======== Extracted records

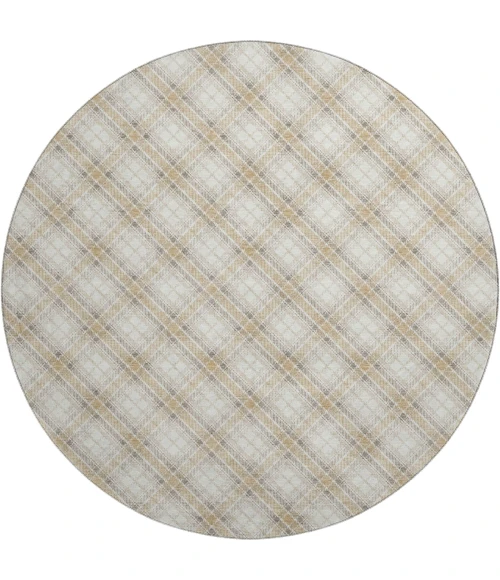 Dalyn Soft Essentials Ivory SE3 8ft. x 8ft. Rug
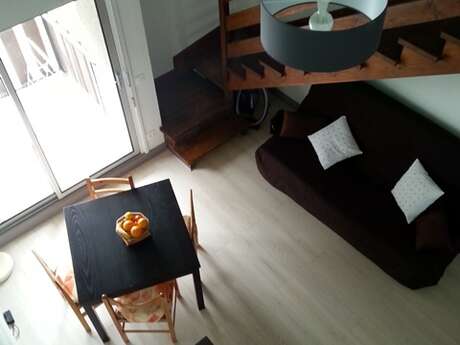 APPARTEMENT DANS RESIDENCE BASTANET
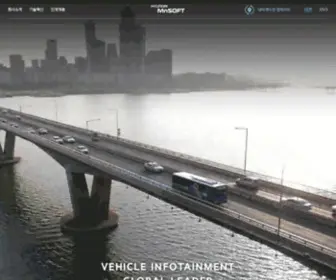 Hyundai-Mnsoft.com(현대엠엔소프트) Screenshot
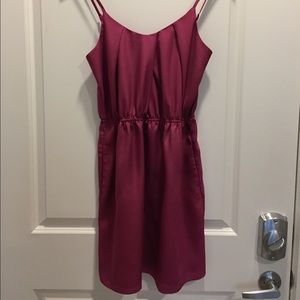 BCBG Spaghetti strap dress
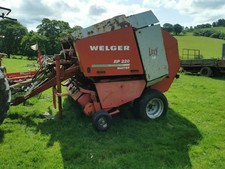 Welger RP220 Baler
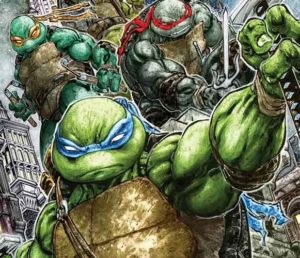 Teenage Mutant Ninja Turtles - IDW Comics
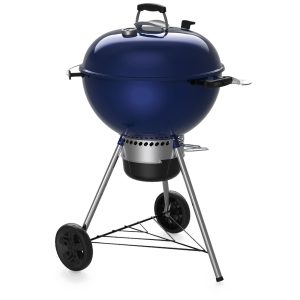 Master-Touch 57cm Charcoal Grill, Ocean Blue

================

■ Assignment ■
The answer should be an exact copy of the material, with its pictures removed.

■ Result below ■
 Dalyn Soft Essentials Ivory SE3 8ft. x 8ft. Rug
 APPARTEMENT DANS RESIDENCE BASTANET
 Hyundai-Mnsoft.com(현대엠엔소프트) Screenshot
 BCBG Spaghetti strap dress
 Welger RP220 Baler
 Teenage Mutant Ninja Turtles - IDW Comics
 Master-Touch 57cm Charcoal Grill, Ocean Blue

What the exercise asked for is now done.